The middle step can be any arithmetic
The byte counter taught the three-phase byte read-modify-write: lbz to pull a byte into a register (zero-extended), an arithmetic step at 32-bit width, then stb to truncate the result back to memory. That middle step isn't limited to addi — it can be any arithmetic, including a constant multiply.
Consider add5(p), which adds 5 to the byte at p[1]:
lbz r4, 1(r3) # load p[1], zero-extended
addi r0, r4, 5 # add at 32-bit width
stb r0, 1(r3) # truncate the result back to one byte
blr
Now swap the addi for a multiply.

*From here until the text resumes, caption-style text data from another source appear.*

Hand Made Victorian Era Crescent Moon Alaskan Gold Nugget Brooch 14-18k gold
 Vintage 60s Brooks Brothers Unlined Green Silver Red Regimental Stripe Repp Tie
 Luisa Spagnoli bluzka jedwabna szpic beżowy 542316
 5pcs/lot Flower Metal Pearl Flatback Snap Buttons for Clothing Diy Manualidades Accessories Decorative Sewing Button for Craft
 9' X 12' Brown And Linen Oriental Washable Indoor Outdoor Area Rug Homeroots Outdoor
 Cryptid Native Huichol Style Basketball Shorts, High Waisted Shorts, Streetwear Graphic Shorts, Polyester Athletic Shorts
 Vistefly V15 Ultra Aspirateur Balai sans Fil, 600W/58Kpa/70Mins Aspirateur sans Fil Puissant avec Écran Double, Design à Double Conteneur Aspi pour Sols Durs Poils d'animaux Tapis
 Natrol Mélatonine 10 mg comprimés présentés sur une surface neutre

A constant multiply by a non-power-of-two uses mulli (multiply immediate); the whole 32-bit product is computed, then stb keeps only its low byte:
lbz r0, 0(r3) # load p[0]
mulli r0, r0, 6 # p[0] * 6 at 32-bit width
stb r0, 0(r3) # store low byte (truncates for free)
blr
The truncation is the key idea: arithmetic always happens in a full register, but writing through a byte pointer discards everything above the low 8 bits — so 200 * 6 = 1200 (0x4B0) stores as 0xB0 = 176. Don't add a & 0xFF; the stb already does it, and the mask would emit a clrlwi the target lacks.
The target multiplies by a different constant. Read the mulli immediate.
Your task
Write rmw_scale, taking a u8*, to match the target assembly. Expect lbz / mulli / stb with no mask and no extsb.